• **What you need to do**:
Copy verbatim the span of lines beginning at the line that contains "israil katliamı 1 f7005" and ending with the final line of the data. Exclude pictures from the copy.

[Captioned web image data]
++++++++++++++++++++
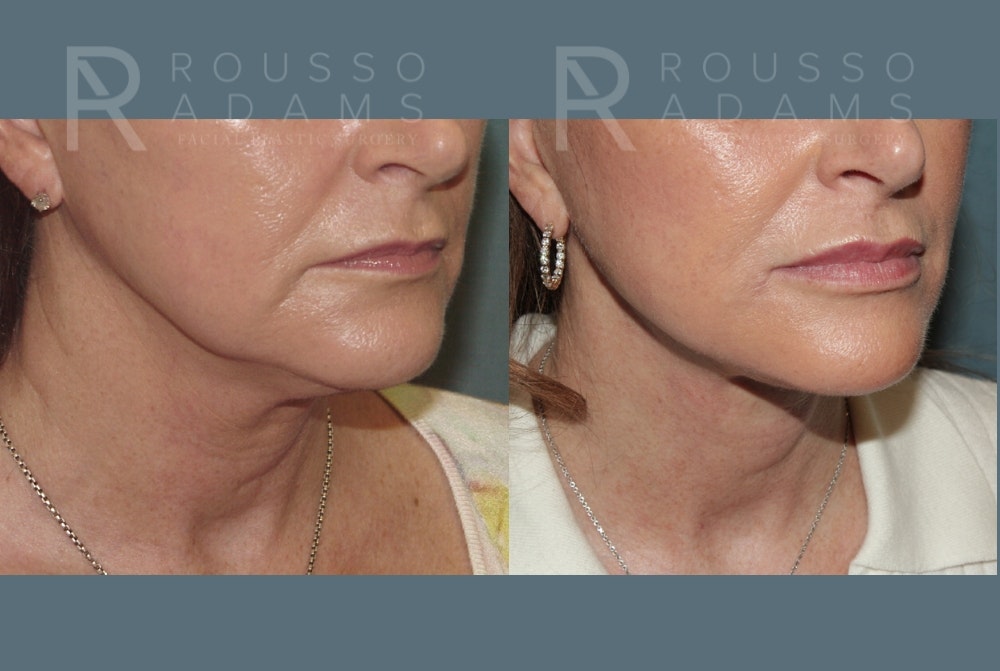 Deep Plane Facelift Before & After Gallery - Patient 390790 - Image 1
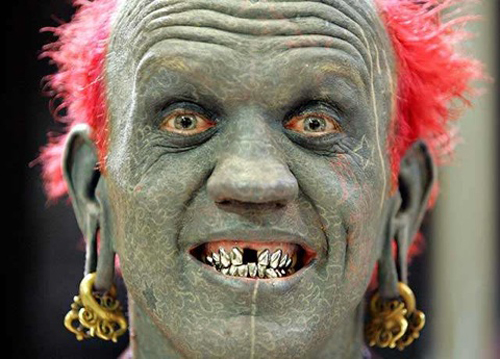 Gold-Teeth.jpg
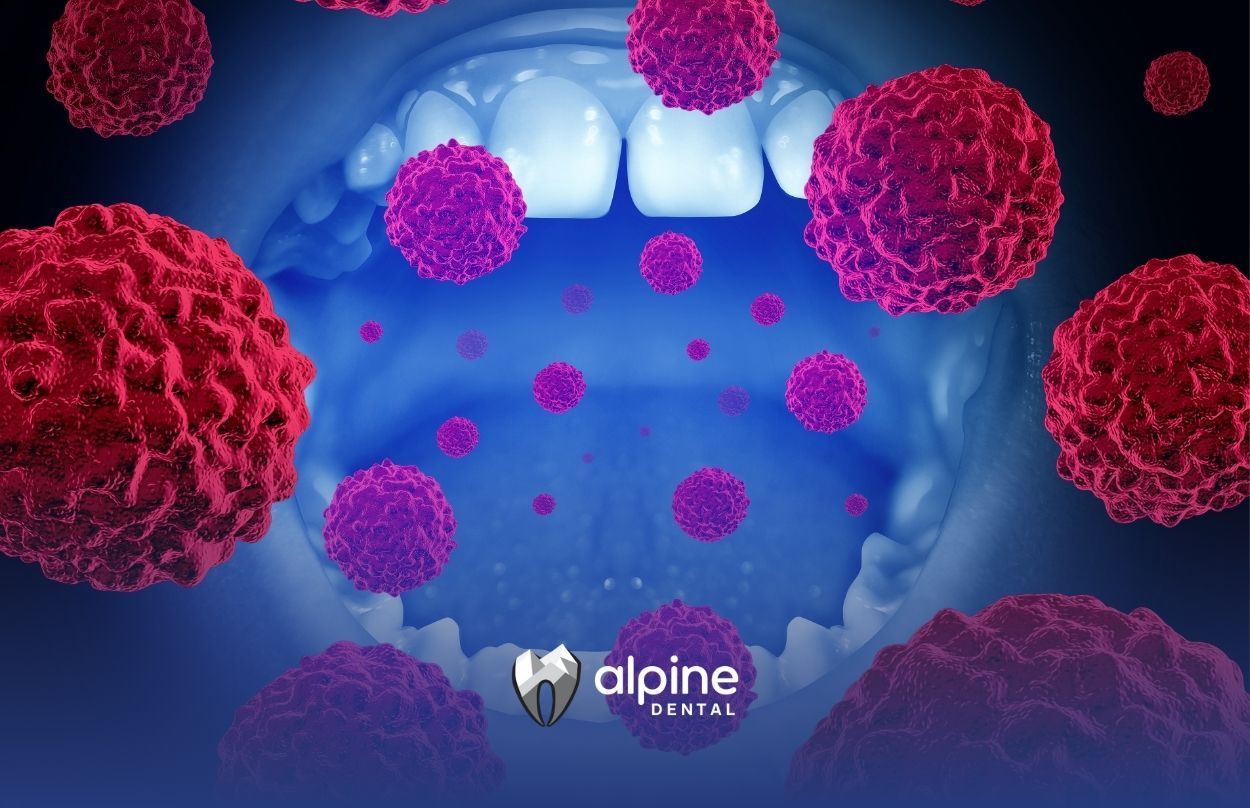 What Is the Main Cause of Oral Cancer? Risks, Symptoms & Prevention Explained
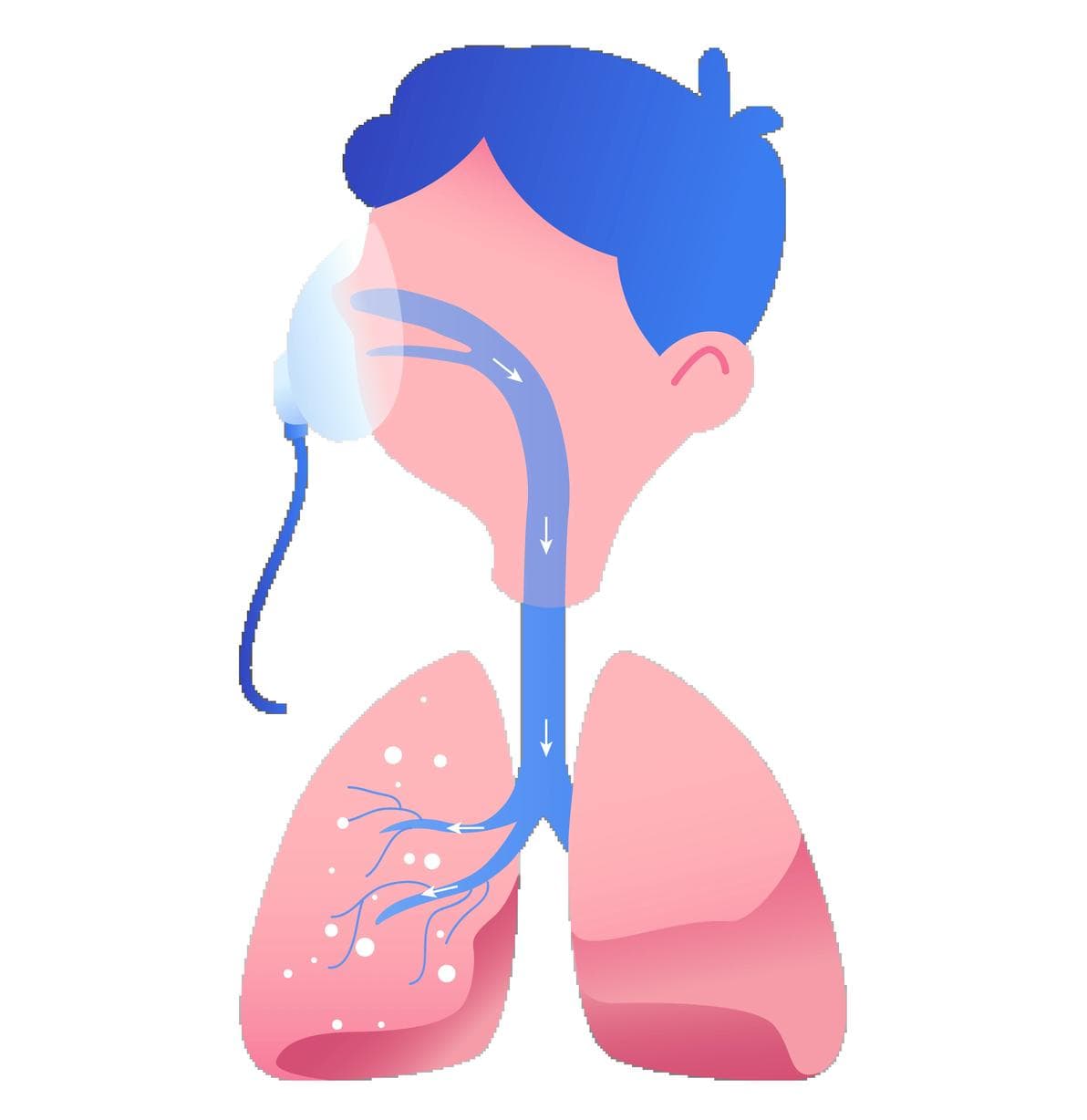 肺结节手术后如何正确运动与快速恢复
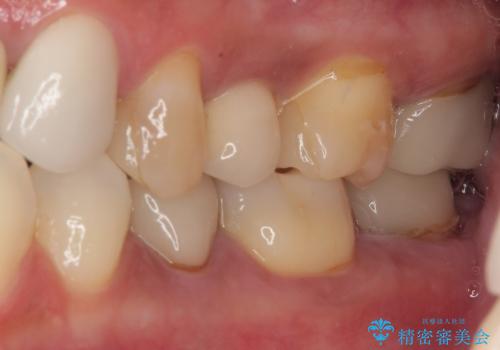 新幹線通院 地元で断られた奥歯のむし歯治療の治療後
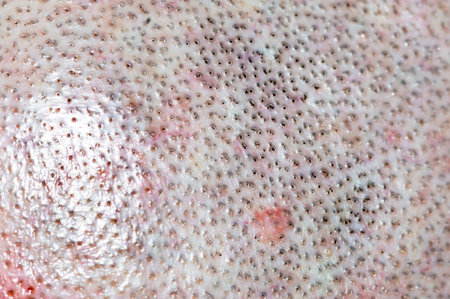 Detail of head with shaved hair. Macro photo of shaved head.の写真素材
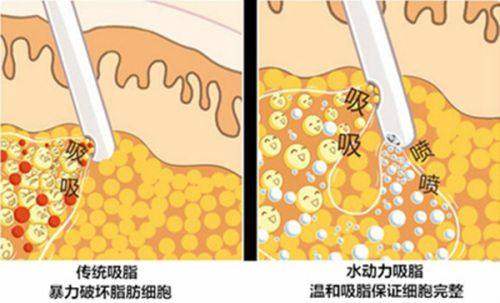 2. 济南艺星激光去红血丝之精良设备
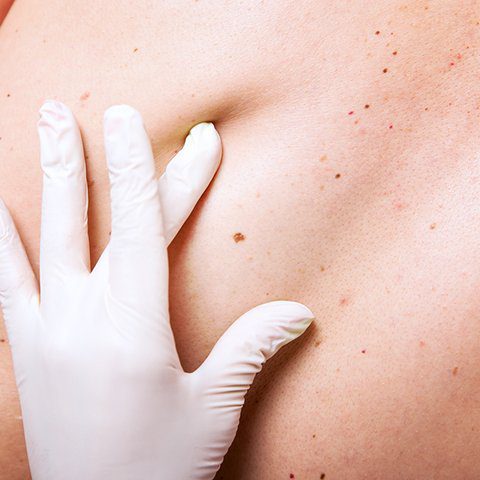 A person being screened for skin cancer.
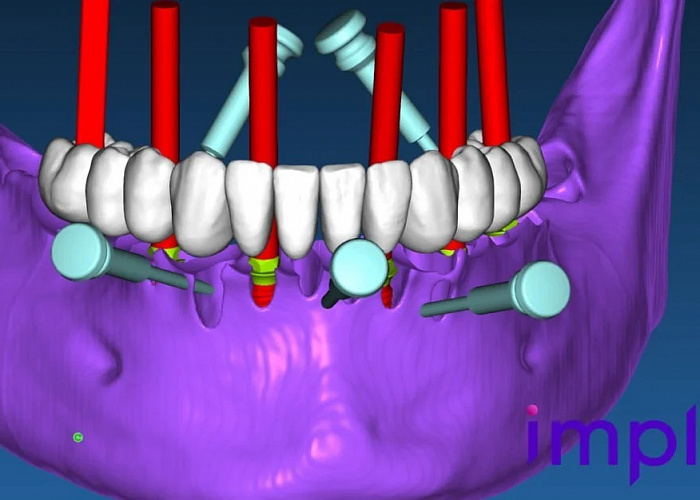 «Создание неразборных хирургических шаблонов в RealGuide. От планирования до 3-D печати»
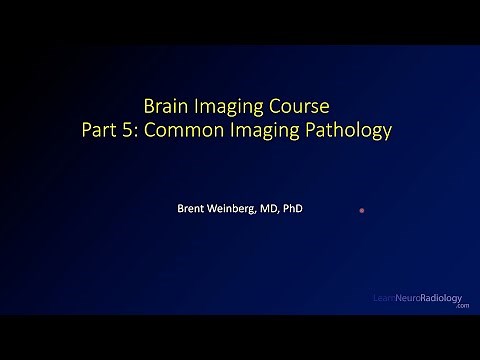 Brain imaging course – 5 – Common imaging pathology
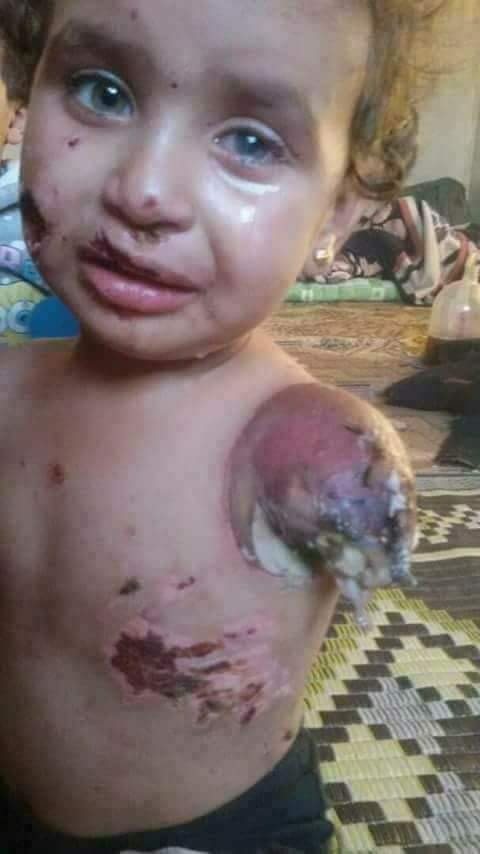 israil katliamı 1 f7005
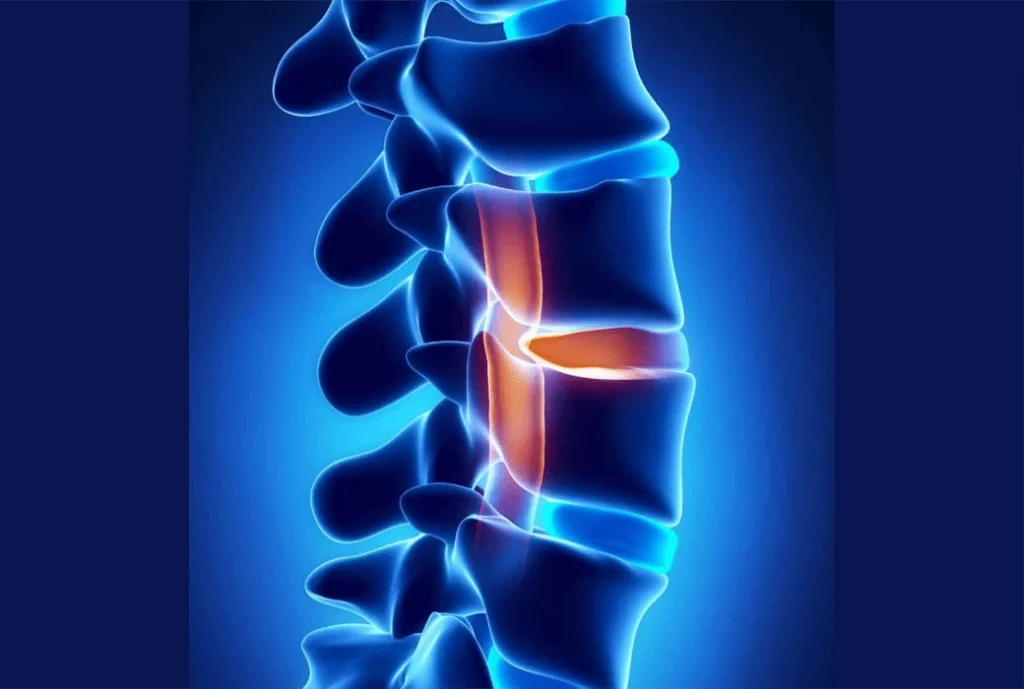 A spine anatomy with highlight on the disks.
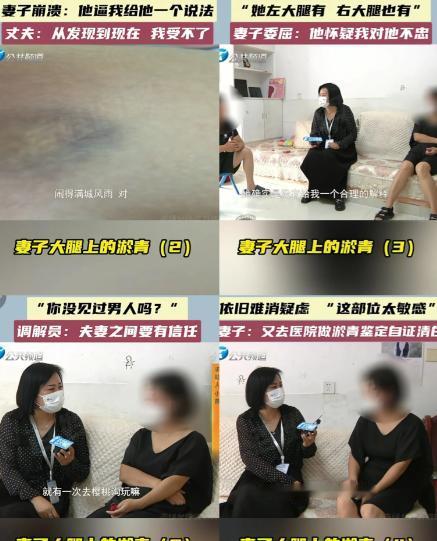 丈夫出差几天后凌晨3点回家后发现妻子两条大腿内侧都有明显淤青，要求妻子解释，还拍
++++++++++++++++++++
• **Result**:
 israil katliamı 1 f7005
 A spine anatomy with highlight on the disks.
 丈夫出差几天后凌晨3点回家后发现妻子两条大腿内侧都有明显淤青，要求妻子解释，还拍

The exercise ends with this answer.